RESULTS—In normal eyes (46 eyes), the foveal thickness measured was 178 (SD 44) µm and the macular thickness around the fovea was 311 (51) µm. The eyes with CMO displayed the largest foveal thickening, 875 (287) µm (390% increase compared with normal values). The average thickness of the fovea in the non-cystoid CSMO group was 427 (175) µm (144% increase compared with normal fovea). The average thickness of the foveal centre in eyes judged as having "dry" macula after laser treatment was 315 (71) µm (77% increase compared with normal value and a 26% decrease in thickness compared with the CSMO eyes). Statistically significant differences were found in central thickness between these four groups (p = 0.0001). The average thickness at 500 µm surrounding the fovea was 566 (202) µm in the CSMO eyes compared with 311 (51) µm in normal eyes (80% increase). The "dry" macula group (after undergoing laser treatments) had an average thickness of 414 (94) µm (27% decrease compared with CSMO eyes and a 33% increase compared with eyes of healthy controls).

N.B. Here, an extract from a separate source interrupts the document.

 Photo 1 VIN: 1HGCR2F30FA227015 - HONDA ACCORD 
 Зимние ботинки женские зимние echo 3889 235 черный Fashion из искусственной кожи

CONCLUSIONS—RTA is a system for quantifying macular thickness and imaging of macular pathology. The system can be a useful tool for diagnosis of macular diseases and for evaluation of the effect of treatment modalities.

Keywords: diabetic retinopathy; retinal thickness; macular oedema; retinal imaging
机译:目的:评估视网膜厚度分析仪(RTA)作为评估和跟踪糖尿病性黄斑水肿的客观工具的潜力。
方法:使用了基于激光狭缝生物显微镜原理的RTA原型。 。在41例糖尿病患者的41眼中获得了视网膜厚度。临床诊断为10眼出现囊状黄斑水肿(CMO),21眼发生具有临床意义的无视网膜囊肿的黄斑水肿(CSMO),并在10眼进行网格模式激光治疗后出现“干”黄斑。对照组由46名年龄相匹配的健康志愿者组成。
结果-在正常眼睛(46眼)中,测得的中央凹厚度为178(SD 44)μm,中央凹周围的黄斑厚度为311(51)。微米CMO眼的中央凹增厚最大,为875(287)μm(与正常值相比增加390%)。非囊状CSMO组的中央凹平均厚度为427(175)μm(比正常中央凹增加144%)。激光治疗后被判定为“干”黄斑的中央凹中心平均厚度为315(71)µm(与正常值相比增加77%,与CSMO眼睛相比减少26%)。在这四组之间的中央厚度上发现统计学上的显着差异(p = 0.0001)。在CSMO眼中,中央凹周围500μm处的平均厚度为566(202)μm,而正常眼中为311(51)μm(增加80%)。 “干”黄斑组(接受激光治疗后)的平均厚度为414(94)µm(与CSMO眼睛相比减少了27%,与健康对照者的眼睛相比增加了33%)。
结论— RTA是定量黄斑厚度和黄斑病理成像的系统。该系统可以作为诊断黄斑疾病和评估治疗方式效果的有用工具。